Hi weary how are you holding up? I had a 20 minute power nap yesterday and I can't believe how much better I felt for the rest of the day. I usually really struggle to nap,in the daytime, not sure why. I do tend to panic a bit about setting an alarm in case I miss the school run perhaps that's it! Anyway back to today, pooped as usual!!! I have run out of milk aaahhhh was about to have a coffee. Too tired to go and buy some grin

BollyGood Wed 30-Jan-13 11:57:56

Just a silly thing, does anyone find they eat lots more when tired? I can seriously scoff anything all day, it's ridiculous.

Seriouslysleepdeprived Wed 30-Jan-13 13:34:55

Chocolate is the only thing that helps i find. It's the first thing I have in the morning & last thing at night. It's costing a small fortune. grin

I also use DH as my night nurse at weekend when I'm about to crack.

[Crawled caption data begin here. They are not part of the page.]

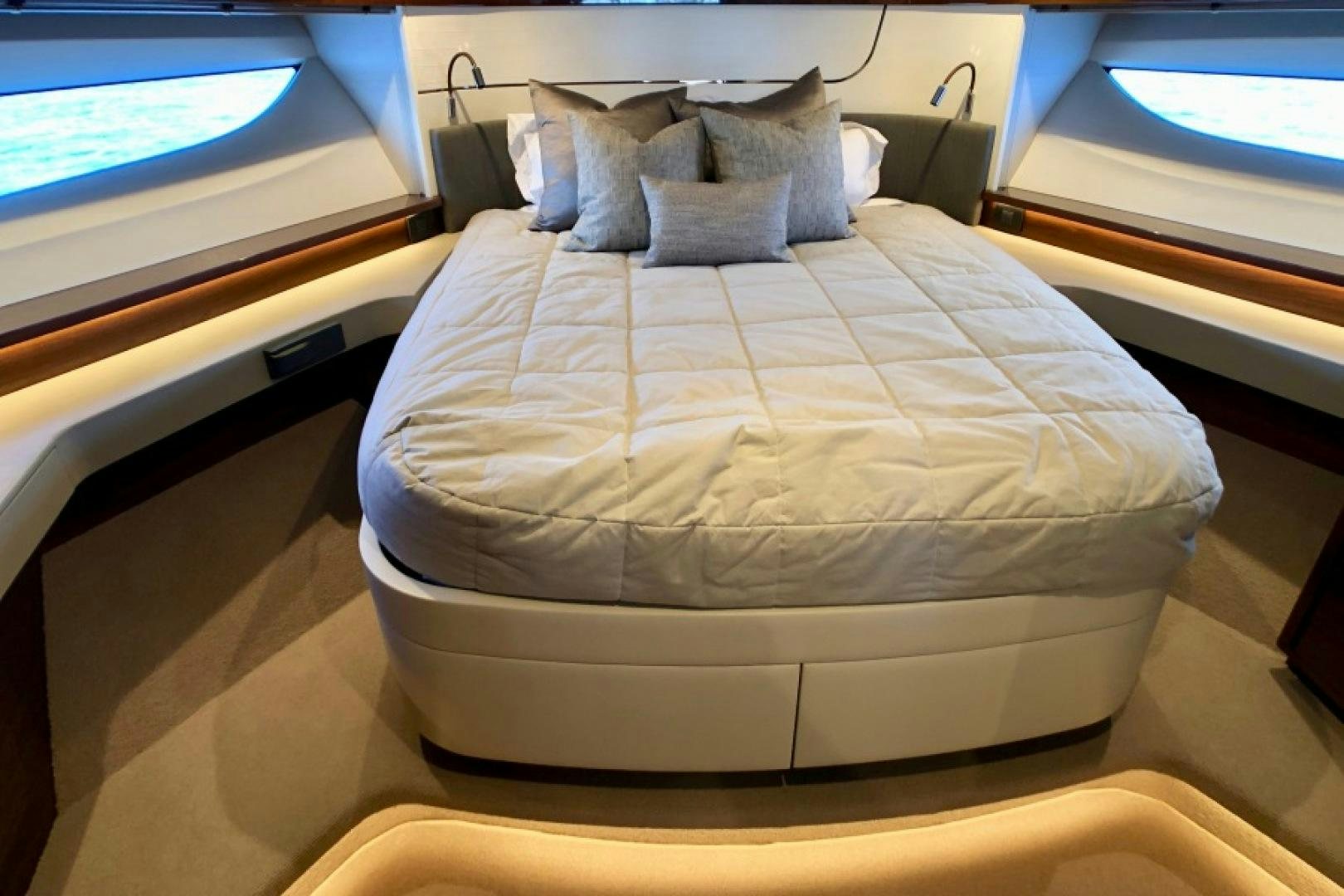 a bed with white sheets aboard THE O SHEAUX Yacht for Sale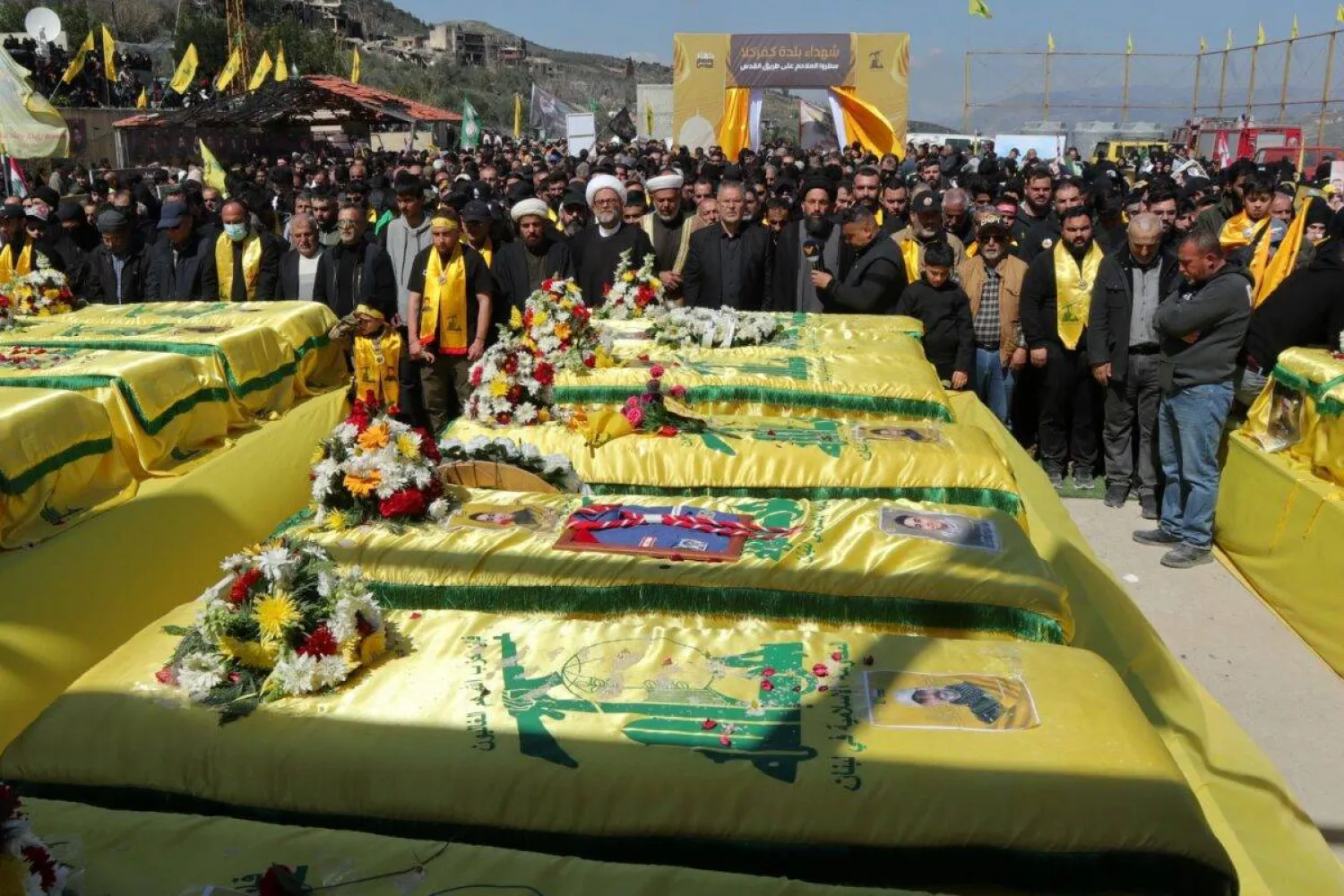 Mourners surround the flag-draped coffins of Hezbollah fighters, during their funeral along with civilians killed in the recent war with Israel, in the southern Lebanese border village of Kfar Kila on March 9, 2025. (AFP)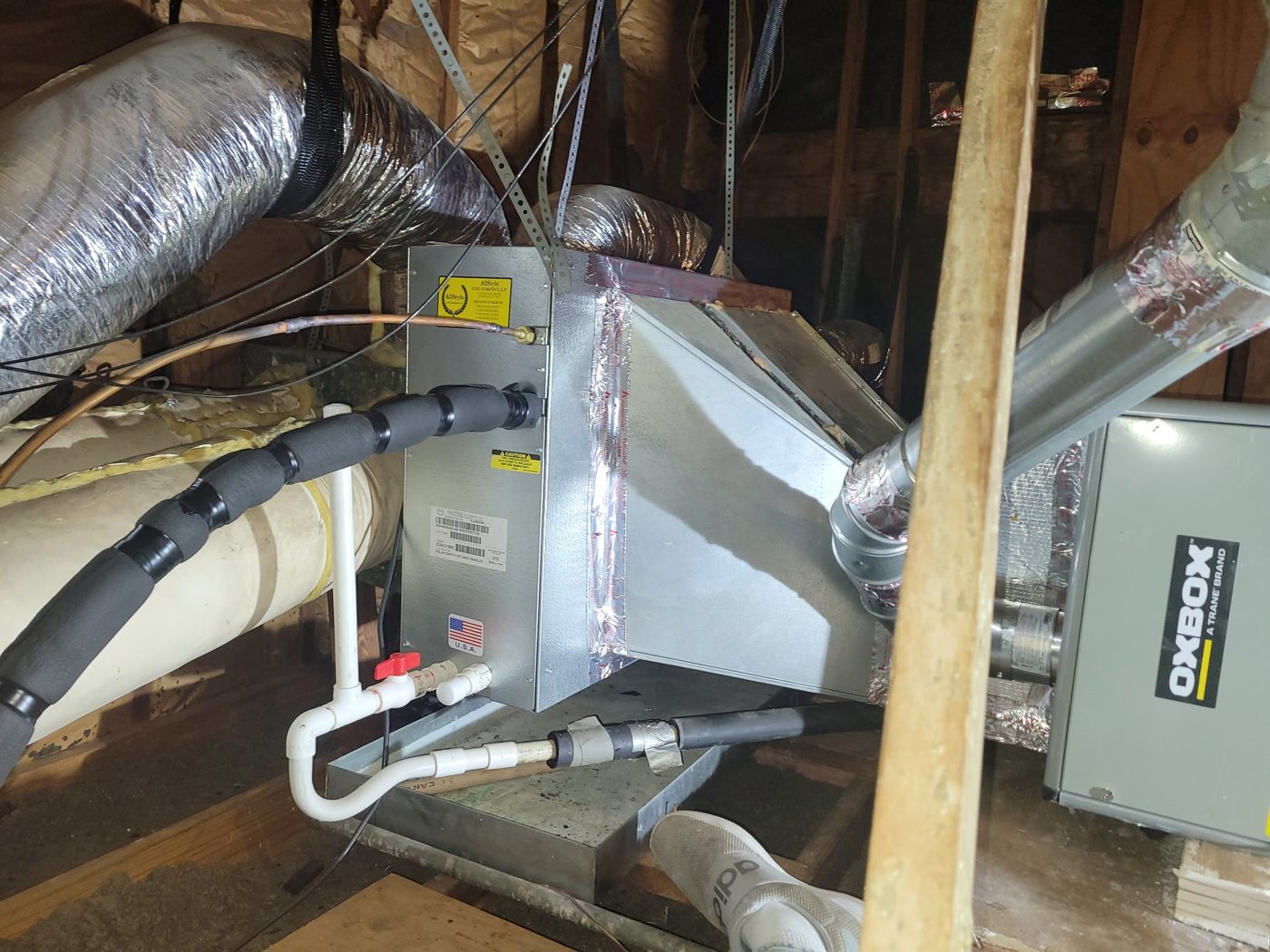 New evaporator coil and furnace installed in an attic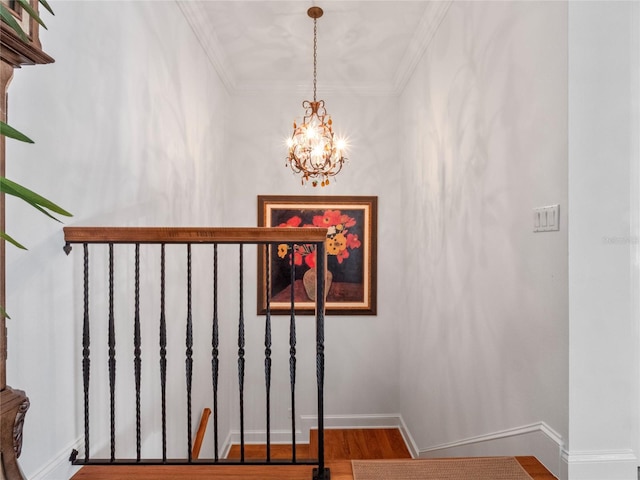 stairway featuring crown molding, wood-type flooring, and a notable chandelier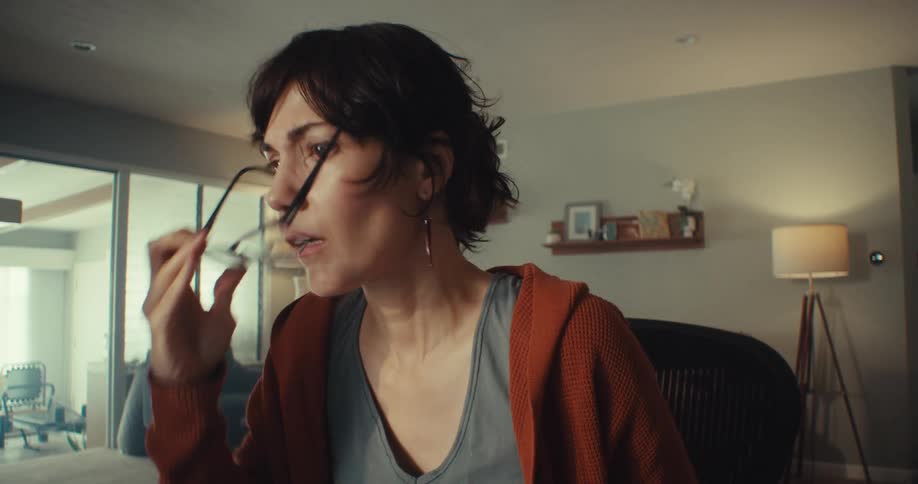A woman is afraid and takes her glasses off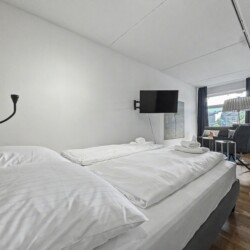 Draupromenade 12 Villach – Top 1 Türkis – king bed with upholstered headboard, black reading lamp and wall-mounted TV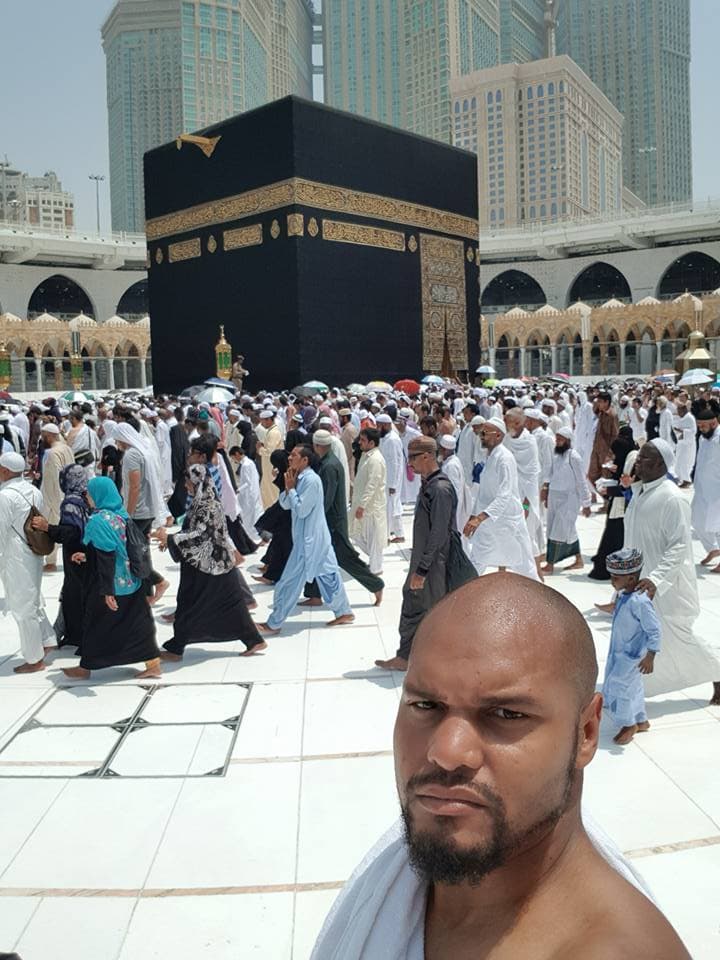 Man in robe in front of black square building, holy site, with worshippers around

DS also has allergies which is responsible for a lot of the unsettledness.

kickassmomma Wed 30-Jan-13 16:47:56

Bollygood yes!!!! I eat like its going out of fashion!! Mainly at night time when dd is in bed and it's too early for me to settle -_- I have put on two stone since having her!

BlueChampagne Thu 31-Jan-13 12:24:43

If it's any consolation, after 2.5 years of broken nights, DS2 began sleeping through as soon as he got all his teeth!

RosemaryandThyme Thu 31-Jan-13 13:04:16

NHS provides sleep courses, support workers and advice for parents who have a baby 6months plus who is not regularly sleeping through.
NHS healthcare service definition of sleeping through is six hours of continuious sleep between 8pm and 6am.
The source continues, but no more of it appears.